Ahora tendrían medio mes de mayo por delante, y bien pronto ya el verano <<tiempo de playa y sol>>, luego el otoño…y cada estación de cada año, ilimitadamente.

Todo siguió su curso, su progresiva adaptación, con sus necesarios tempos, de los que estuvimos muy al caso, Fernando y yo, durante los primeros años.

Una de las cosas que me quedaron grabadas, de situaciones que íbamos comentando, fué que el equipo oficial que llevaba allí el seguimiento (una psicóloga y una trabajadora social) les insistieron, corazón en mano, en que era importante, tanto por parte de ellos dos como de las personas que iban a formar parte de su entorno cercano, que quedase claro que Daniel, por su bien, tenia derecho a ubicarse y enraizarse totalmente en su nueva vida, sin el peso de ninguna mochila referente a su pasado.

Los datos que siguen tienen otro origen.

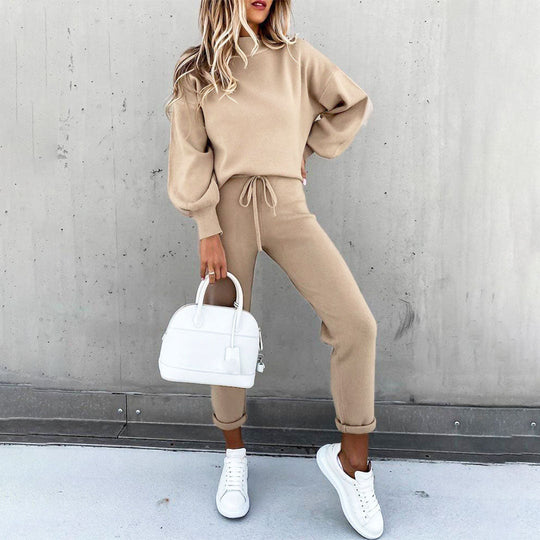 Sienna – Women’s two-piece knit lounge set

Y creo que supieron, supimos, los de su entorno más próximo, cumplir con esa recomendación. Aunque, por lo que Martina y Raúl me iban explicando, Daniel se tuvo que ir acostumbrando a según qué importunios de muy poca delicadeza, así como «¿y quién era tu madre verdadera?» ; o

«Tú no eres de aquí, tú eres de allí»; «tu família de verdad está allí, y tendrás que ir a conocerles ¿no?»; «quizás tienes muchos hermanos, de otros padres, y tú no lo sabes»; «¿ tú eres un niño abandonado? ¡ pues vaya madre!»; «algún día tendrás que conocer a tu madre verdadera, ir a verla» o…

Y algunas, con el avance de su edad y la de sus compañeros, bastante malintencionadas o bien, aún sin mala intención, muy burdas.

Y pensaba yo, y sigo ahora pensando: ¡qué absurdo hacer tantas preguntas y comentarios inútiles a un niño << y con los años a un adolescente>> que se ha pasado sus primeros casi cuatro años de vida sin nadie que respondiese por él, nadie que reclamase ningún tipo de vínculo familiar!.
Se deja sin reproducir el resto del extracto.